Indonesian entrepreneur Sukanto Tanoto oversees the operations of RGE Group, his $15 billion family of companies. These include interests in natural resources products such as fiber, pulp, and agricultural produce, as well as energy development through Pacific Oil & Gas. In addition, Mr. Tanoto heads the Tanoto Foundation, through which he and his family fund numerous social welfare projects in Southeast Asia and beyond.
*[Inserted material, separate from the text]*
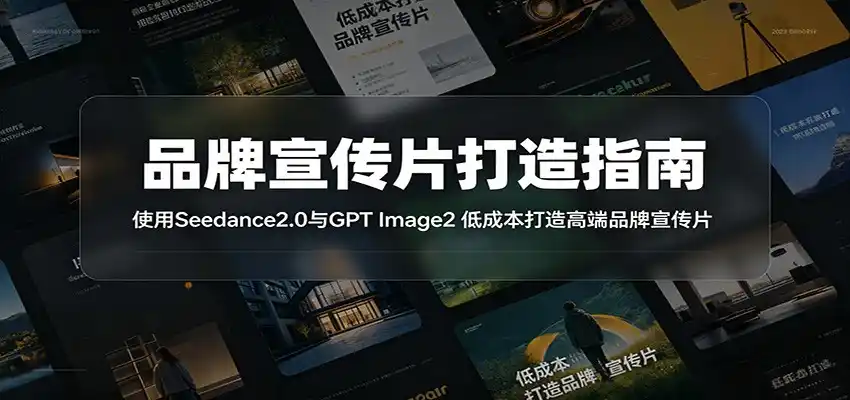 品牌宣传片打造指南：使用Seedance2.0与GPT Image2 低成本打造高端品牌宣传片-汇课新知资源网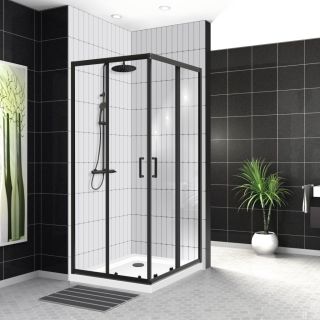 Душевой уголок BelBagno Uno 100x100см чёрный UNO-195-A-2-100-C-NERO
Among its other efforts, the Tanoto Foundation has supported medical students in Singapore by offering scholarships that assist with tuition and other expenses for undergraduates in need. Administered through the National University of Singapore’s Yong Loo Lin School of Medicine, the scholarships have helped dedicated students to avoid the heavy financial toll that medical school typically takes on families. The students are free to pursue their studies without the added burden of worrying about loans and fees as they learn the skills they will need to provide top-quality medical care to people in the developing world. On top of this financial assistance, these medical students are also given the opportunity to be exposed to community service experiences whereby they get to interact and provide basic medical help to the local communities in Indonesia Sumatra, Kerinci. For more information about this community service, please read here.
The Tanoto Foundation has also provided high-level support to the Duke-NUS Graduate Medical School, the Singapore campus site of a decade-long partnership between the prestigious American medical school and the Singaporean university system. The foundation recently contributed S$3 million to the newly launched National Heart Research Institute Singapore (NHRIS), a cooperative project between Duke-NUS and the National Heart Centre Singapore. Of these funds, S$2.5 million will establish a professorship in cardiovascular medicine, and the remainder will set up the Tanoto Foundation Initiative for Genetics and Stem Cell Research.
The NHRIS focuses on several key areas of research: genetics, the functions of the heart, cardiac imaging, regenerative treatments, and metabolic cardiac conditions. The Tanoto gift will contribute to expanded efforts to study how genetic factors affect heart disease, and how innovative programs of testing and diagnosis can improve preventive care for those with a hereditary predisposition to the condition.